Dunbar points out it’s a return to the way that early radio audiences used to listen, sitting down expressly to tune in.

“Now it’s a thing in the corner that we listen to while doing other things but it used to be a collective experience.”

“Beckett is quite sophisticated and subtle in how he moves you around emotionally, mostly with his brilliant use of the English language he is a master at getting his point across.

He’s like a musician, a composer who knows the emotional effect his intellectual musings are going to have on the audience and he doesn’t waste words. If he can get it across in a few minutes so be it.”

Dunbar lived in Crouch End for 23 years before downsizing to a flat in Highgate.

“We didn’t intend to leave Crouch End we really like it and go back all the time but this flat came up and stuff happens.”

As well as acting in the likes of My Left Foot and The Crying Game, Dunbar also co-wrote and starred in Joseph Locke biopic Hear My Song and enjoys directing which he finds particularly fulfilling.

But with almost four months a year spent in Belfast filming gripping police procedural Line of Duty he finds it difficult to do all the things he likes doing.

“I am lucky to have the variety, I am not in control of anything that’s a big lesson. It’s easier to go with the flow and take it however and whenever it comes. I find myself in a nice place at the moment.”

He’s not kidding. Over three seasons Jed Mercurio’s knottily written thriller about police anti-corruption unit AC12 has won critical plaudits and top ratings.

Dunbar has given a masterclass in understated complexity as copper-catcher Superintendent Ted Hastings, famed for his no-nonsense grillings of suspects and murky private life. Indeed the series has coaxed career best performances from many a fine actor.

“At this stage of my career to get a part like that written by one of the best writers at the moment on a show that’s doing so well is amazing. I really am grateful that it’s come along. I think it’s turned a corner with the audience, tipping the balance between them being really interested in what’s happening with the characters with the plot running parallel. There’s a lot going on.”
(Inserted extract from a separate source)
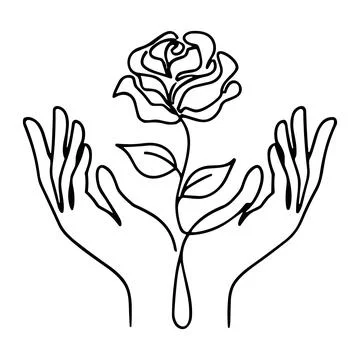 Continuous line of two hands holding a rose flower, minimalist in black ink.. Stock Illustration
Police famously refused to co-operate with the series but retired officers have lent their experience.

“They are very procedural but fascinating for people to see how things work. I know it’s very close to the real thing because some officers have said certain scenes are very true.”
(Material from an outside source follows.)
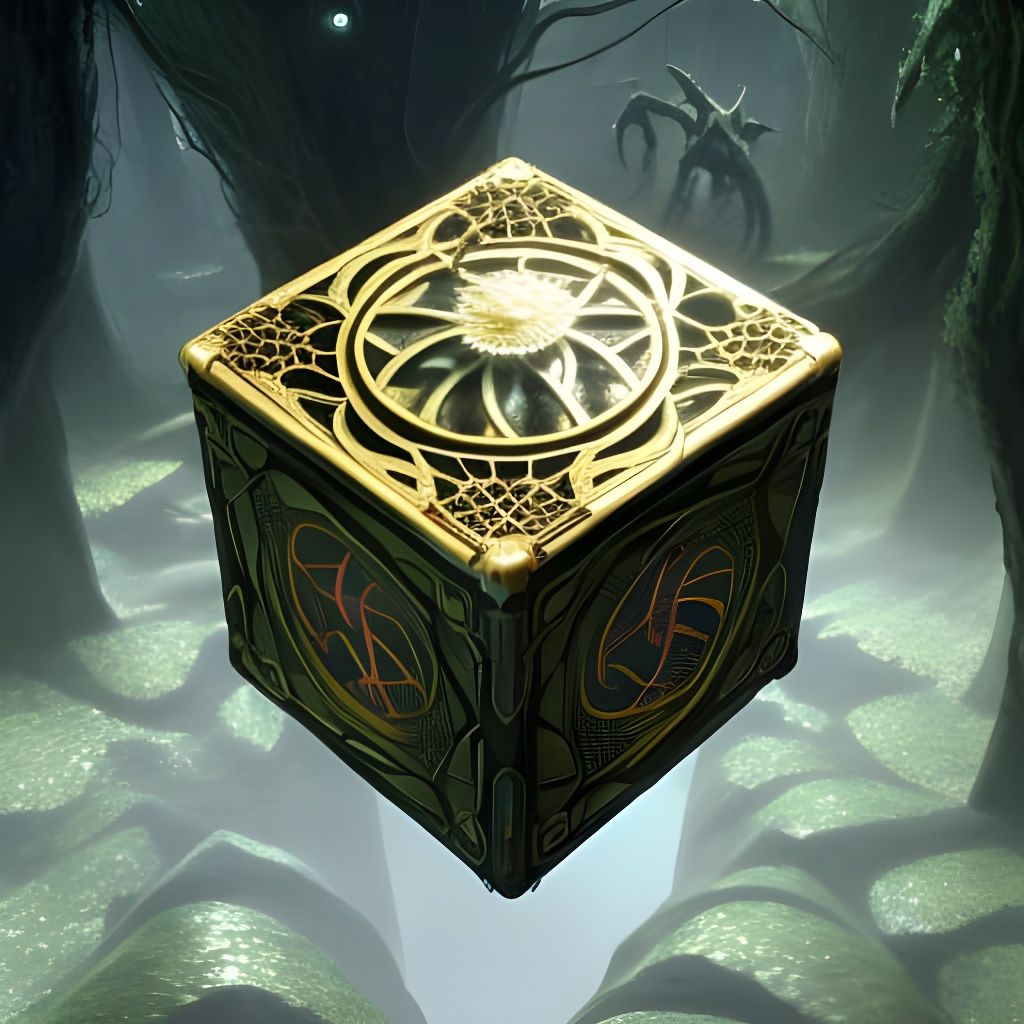 Intricate Bioluminescent Puzzle Cube in 3D Render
With a fourth series due to start filming in August, Dunbar is anticipating more lengthy interview scenes that require heroic feats of memory.

“We spend days doing these interrogations, they’re like little one act plays with six characters sitting around a table. We all go ‘Oh My God’ but you’ve just got to learn it, you can’t split it up. That’s how you earn your money, staying in a the weekend learning the lines.”
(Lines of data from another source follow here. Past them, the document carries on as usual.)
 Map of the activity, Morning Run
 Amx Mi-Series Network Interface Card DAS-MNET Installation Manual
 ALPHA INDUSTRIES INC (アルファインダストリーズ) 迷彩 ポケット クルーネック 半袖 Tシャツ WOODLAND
Working with the likes of Martin Compston, Keeley Hawes and Vicky McClure has been a blast, ‘though the series is famous for killing off some pretty big names.

In one episode Gina McKee wound up in a freezer, in another Jessica Raine was defenestrated and this season Will Mellor, Daniel Mays and Hawes have met grisly ends.

“We’ve killed off some wonderful actors. You think you’re not allowed to do that to Call the Midwife Jessica! But there you go,” laughs Dunbar, adding tantalisingly. “We’re shaping up for a bit of a showdown at the end of this series.”

All That Fall is at the Arts Theatre until May 14 (outofjoint.co.uk). The finale of Line Of Duty season three is on BBC2 tonight at 9pm.